As of September 23rd, 2021, Unlock was rated 4.7 out of 5 (50) reviews on BBB and is rated with an A- on Trustpilot. Unlock takes the reviews and feedback very seriously and is working towards achieving customer satisfaction.
Unlock Homes Equity Review FAQ’s
How does Unlock work?
Unlock is an investment company in real estate. The company offers you money in exchange for a percentage of your home equity. The firm can offer you a lump sum of cash equal to 10% of the value of your home today in exchange for 16% of your home value in the future. You have a period of ten years to repay the money, or you can sell your home at the end of the period to pay the company back.
How does Unlock determine how much to invest?

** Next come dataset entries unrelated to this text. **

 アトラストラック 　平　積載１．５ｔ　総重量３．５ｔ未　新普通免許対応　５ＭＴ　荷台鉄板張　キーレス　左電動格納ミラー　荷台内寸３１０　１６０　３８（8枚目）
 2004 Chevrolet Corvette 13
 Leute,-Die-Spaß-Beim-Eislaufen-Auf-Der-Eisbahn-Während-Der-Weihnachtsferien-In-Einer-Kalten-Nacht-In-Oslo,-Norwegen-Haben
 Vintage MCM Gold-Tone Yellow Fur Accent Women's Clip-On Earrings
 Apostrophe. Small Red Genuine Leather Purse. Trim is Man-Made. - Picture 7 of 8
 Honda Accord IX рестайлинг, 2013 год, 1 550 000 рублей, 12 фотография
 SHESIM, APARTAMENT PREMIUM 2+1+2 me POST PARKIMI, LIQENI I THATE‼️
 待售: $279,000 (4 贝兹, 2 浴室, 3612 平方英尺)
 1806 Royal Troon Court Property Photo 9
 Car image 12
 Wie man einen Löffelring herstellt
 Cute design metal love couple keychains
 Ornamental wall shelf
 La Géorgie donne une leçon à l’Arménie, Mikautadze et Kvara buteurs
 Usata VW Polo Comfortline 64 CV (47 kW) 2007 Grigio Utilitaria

Several factors inform Unlock on how much to invest. The first thing is the value of your home. If your home is of much value, the company will give you a large amount of money. The type of property will also help them decide how much to invest, and if you reside in the home, the better. Your house debt and your creditworthiness will also determine how much money you get.
Are there any costs?
You are initially supposed to pay 3% origination Unlock fees. Additionally, any costs associated with third parties like an appraisal will be on you. Outside of this, if you’re wondering how much Unlock might cost, know that there are no monthly payments. In a typical agreement, you might exchange 10% of the current home’s value (cash to you) for 16% of the future home’s value (the Unlock Share). The annualized cost of your agreement cannot exceed 18%, and the annualized cost of the agreement decreases significantly the longer you hold it.
Who qualifies for Unlock?
A review of Unlock shows that you need to be a permanent resident of the 14 states or a U.S citizen above 18 years of age. You also have an LTV of 70%, minimum equity of 20%, and a minimum credit score of 500.
How do I apply?
You can easily apply online by creating an Unlock account. When applying, you’ll provide documents such as your identification, lease agreements, mortgage statements, or homeowners insurance declaration. Your documents will be reviewed, and an appraisal sent to inspect your home. If everything is okay, Unlock will issue an Investment Closing Statement with the terms and conditions.
How does Unlock compare to other companies?
Although Unlock is a new company, its team of qualified workers ensures that the services are reliable. Unlock is rated excellent in benefits, eligibility requirements, investor amount, buyout options, and application process compared to other home equity sharing companies. When it comes to fees and customer reviews, Hometap is another top contender.
How much can I get from Unlock?
Generally, you can get a maximum of $500,000. Visit the company’s website for more details about the amount you can receive. With your Unlock account, you will have more details, such as calculating the estimated maximum cash available for you.
A Final Review of Unlock Home Equity
You don’t have to stress about paying your existing mortgage debt every other time. You can live comfortably and renovate your home with the help of Unlock Home Equity. Unlock will give you money in exchange for a percentage of your home equity, and you have ten years to make the payment. The good thing is that this is not a loan, so you will not stress about monthly payments and interest. Unlock is here to give you the best services.